## Exercise brief
Exactly the lines from the line with "1990 Delk Industrial" through the final line of the records below, both ends included, are to be set down. Do not include pictures.

★ ★ ★ ★

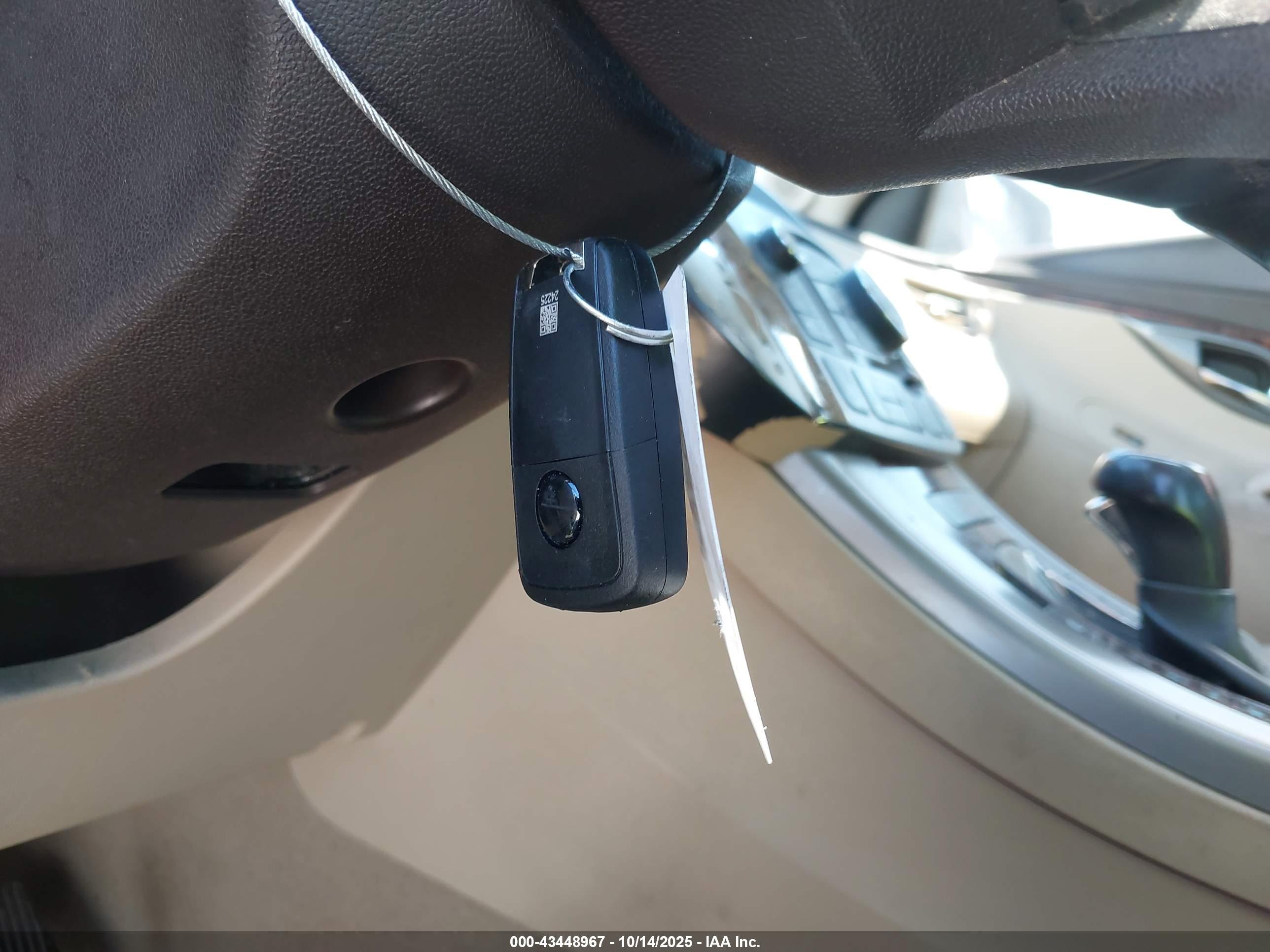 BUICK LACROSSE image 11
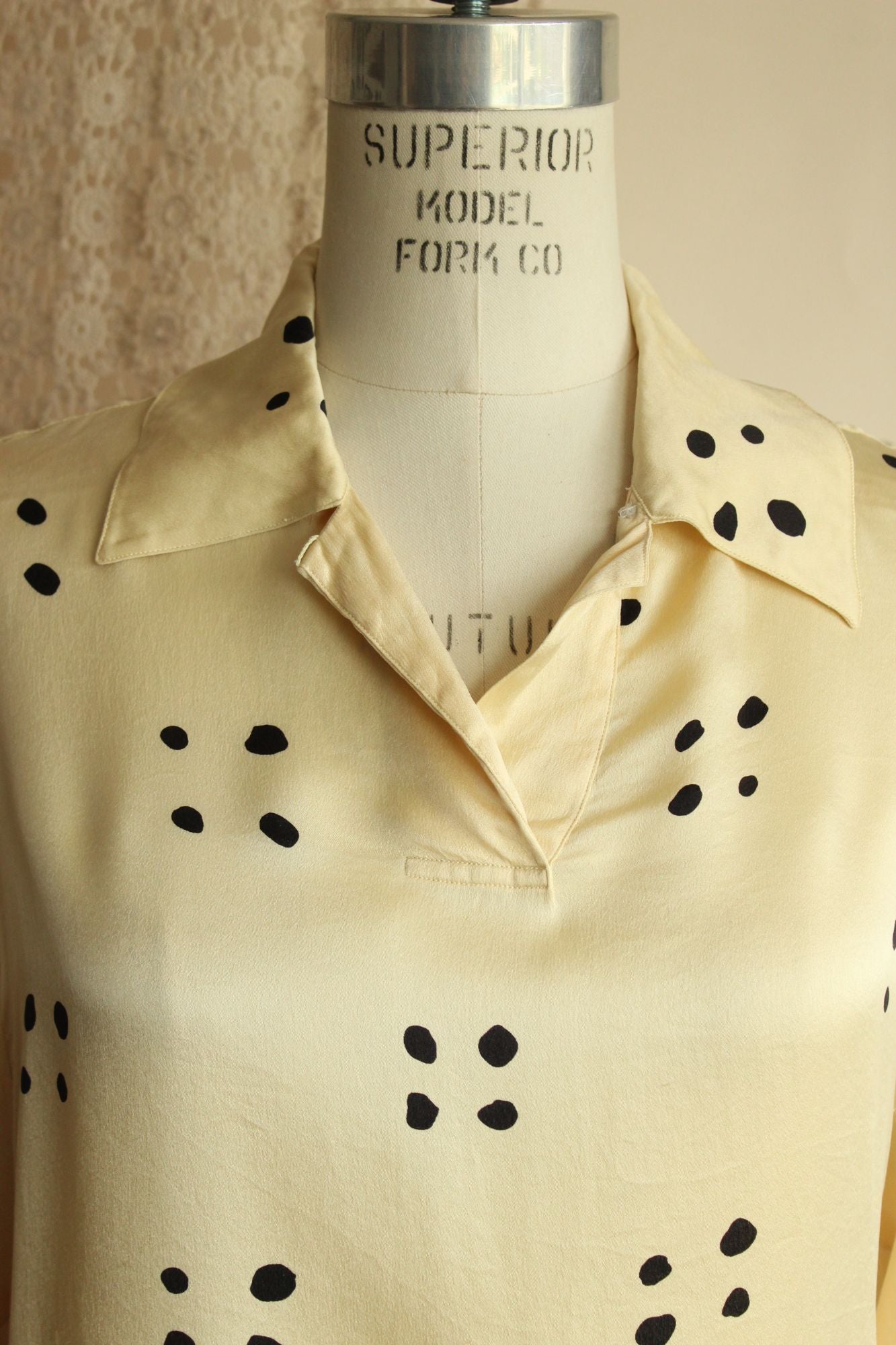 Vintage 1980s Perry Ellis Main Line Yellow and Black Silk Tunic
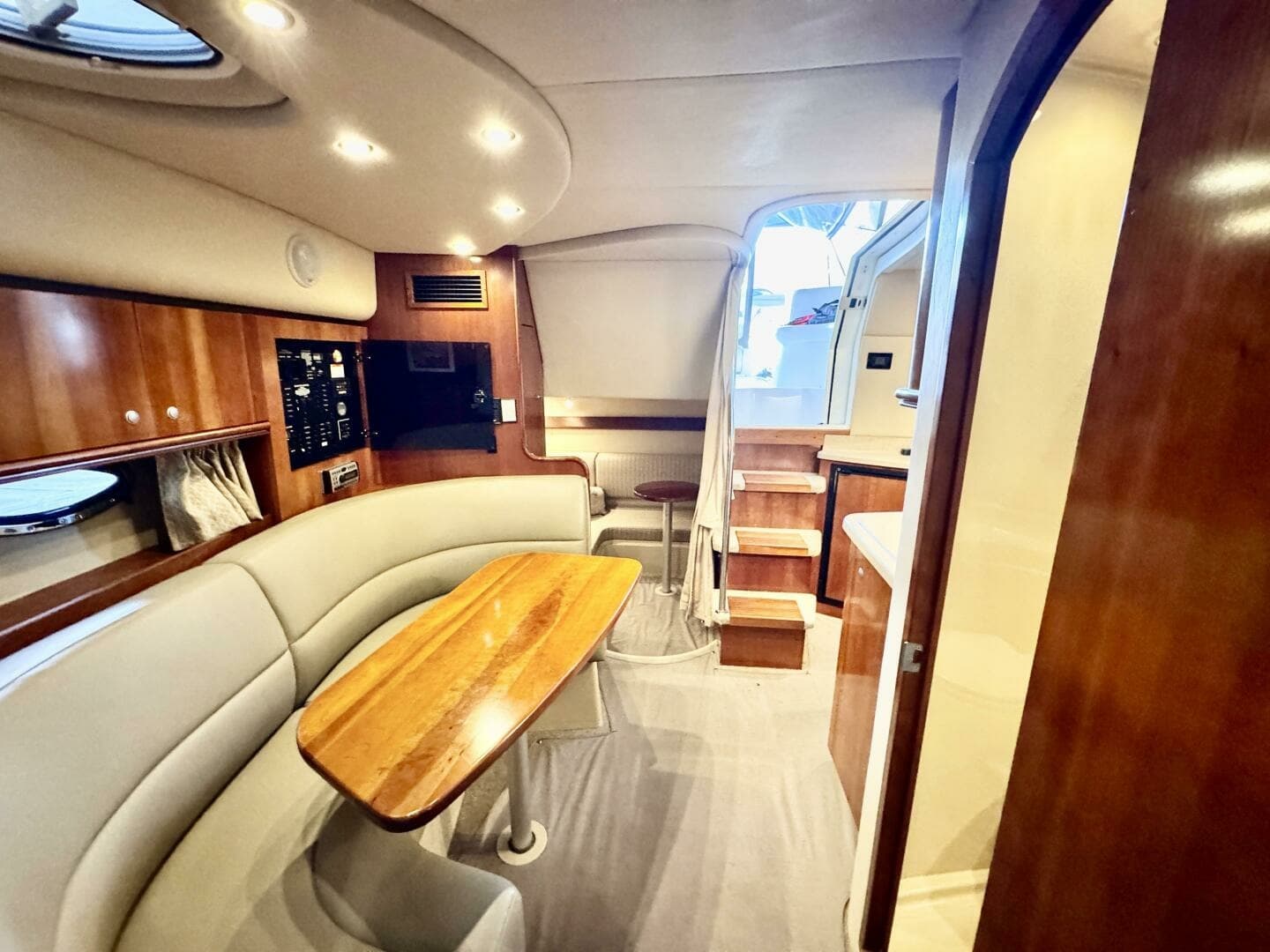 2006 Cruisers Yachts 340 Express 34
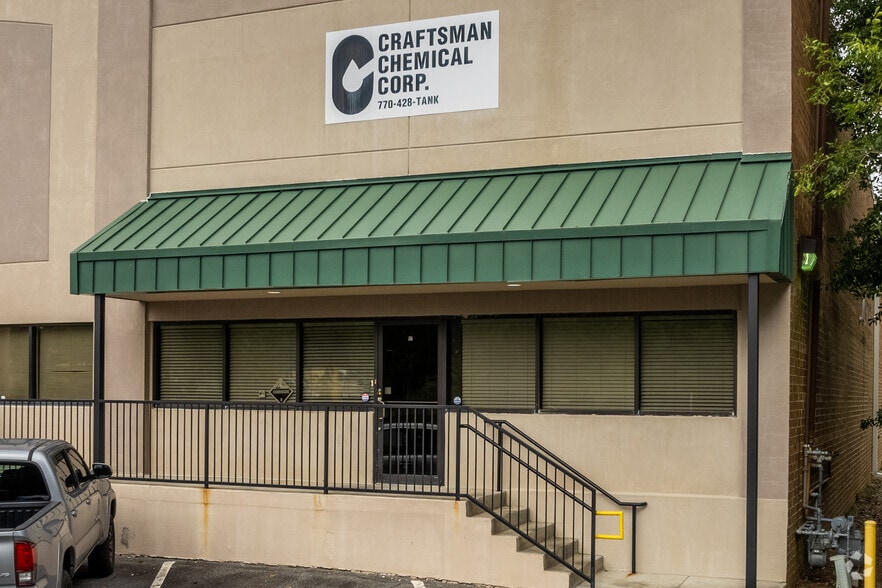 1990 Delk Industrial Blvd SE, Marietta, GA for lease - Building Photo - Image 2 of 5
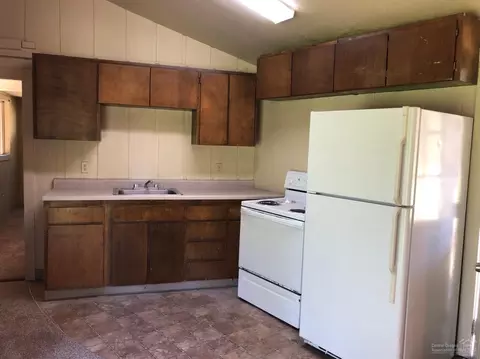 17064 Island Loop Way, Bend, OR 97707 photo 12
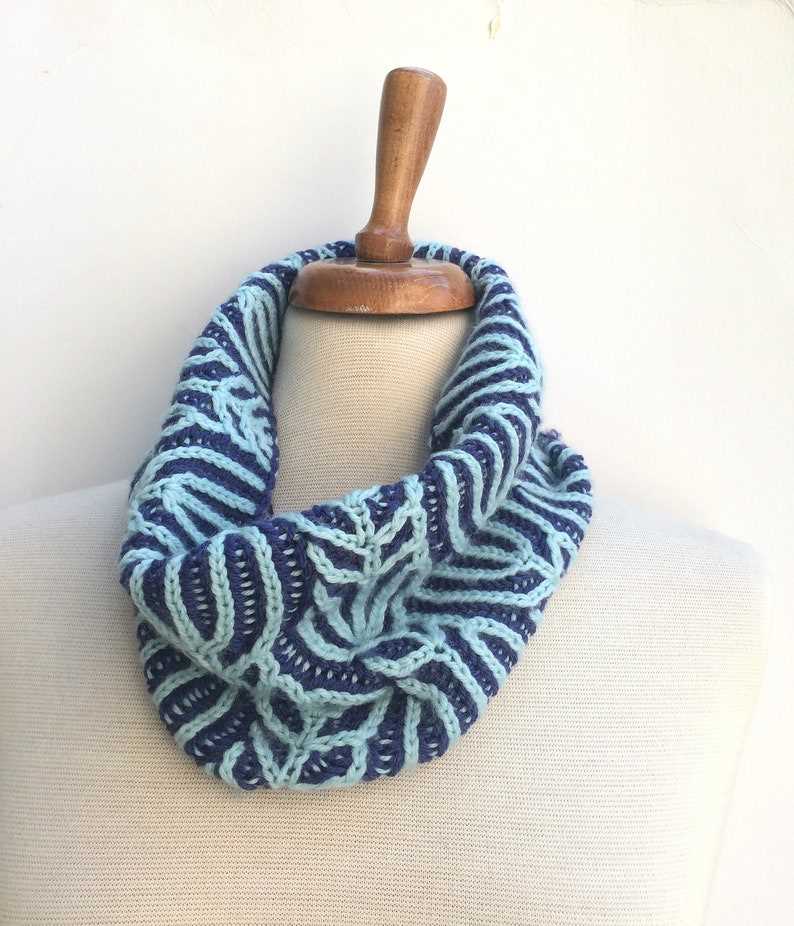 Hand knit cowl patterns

★ ★ ★ ★

## Solved exercise
 1990 Delk Industrial Blvd SE, Marietta, GA for lease - Building Photo - Image 2 of 5
 17064 Island Loop Way, Bend, OR 97707 photo 12
 Hand knit cowl patterns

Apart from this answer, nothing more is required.